Is this truly as portentous a matter as it seems, or shall I ignore their quibbling and let them pummel each other over me?

Vexed with Vacillation

Sir Charles replies:

My dear gentlewoman,

Though it is generally accepted that yours is the weaker of the S-xes, we must both admit that in the affairs of the heart, what man cannot be swayed by a golden haired beauty? What man can resist a come-hither glance from une bonne damoiselle in the springtime of her youth? What man can withstand the siren lure of soft, feminine lips, of supple, feminine skin, of a woman's lingering touch and scent? What man, that is, other than one's nephew, Chauncey Grandiose, whose taste in women seems to run to the brawny bruisers currently appearing in that perhaps soon to be coming to the West End experimental musical, Cry, Baby! (an adaptation of the film The Crying Game)?
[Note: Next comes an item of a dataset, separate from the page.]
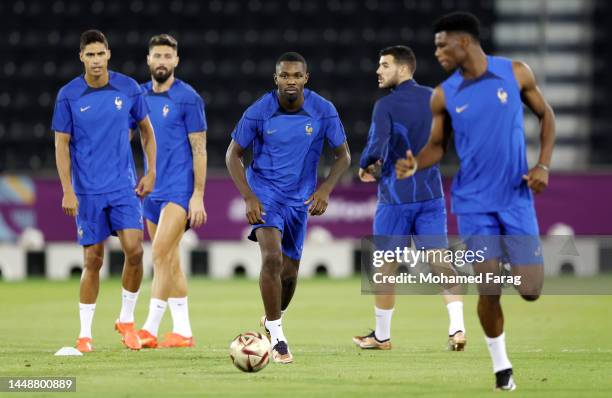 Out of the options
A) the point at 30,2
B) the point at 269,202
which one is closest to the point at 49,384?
the point at 269,202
Although it would be unseemly for a girl of your youth to be forced to make a decision before she is properly trained and ready for marriage, one sees that unless you make a decision about which of your swains should receive the bulk of your attentions, you may have endure the unsightly blemishes, bruises, and occasional lost teeth the gentlemen may inflict upon each other. Therefore one suggests employing what young Penelope Windsor-Smythe calls the 'You Know I Treasure You As A Friend Speech.' (As eighty-fifth in line for the crown jewels--if one has not mentioned that salient fact recently--she knows the sight of treasure quite well.)

The YKITYAAFS, as it shall henceforth be known, comes in many forms. Here are a several examples.

"Francois, you know I treasure you as a friend, but Mummy says I simply can't entertain boys whose great-grandmothers were on the music hall stage."

"Soren, you know I treasure you as a friend, but I'm much too young to be involved romantically with a bloke who eats Tandoori take-away straight from the cardboard box."

"Arturo, you know I treasure you as an amigo, but Papa heard you yelling Ole! at the top of your lungs the other night and got quite the wrong idea."

One feels certain that a variation of one of the above may cool the ardour of one or more of your suitors. If not, young Penelope recommends Mace.

Failing to see how a ground spice could assist, one remains,
Sir Charles Grandiose


Ali  writes:

Picture: Our Usual CorrespondentDear sir charles,

I wonder will I have a relationship with the woman of my dreams.

singed, worried Ali

Sir Charles replies:

Dear Worried,

Oh, one doesn't see why you shouldn't have a relationship with the woman of your dreams.

Provided, of course, that the woman of your dreams resembled both in appearance and bodily odour one of the Squishies from that cinematic masterpiece, Attack of the Killer Squishies from Pluto, Part II: The Squishies Strike Back. And that the 'relationship' you seek consists of her holding you off at arm's length and informing you that she'd rather spawn with the red-headed 'comic,' Carrot-Top.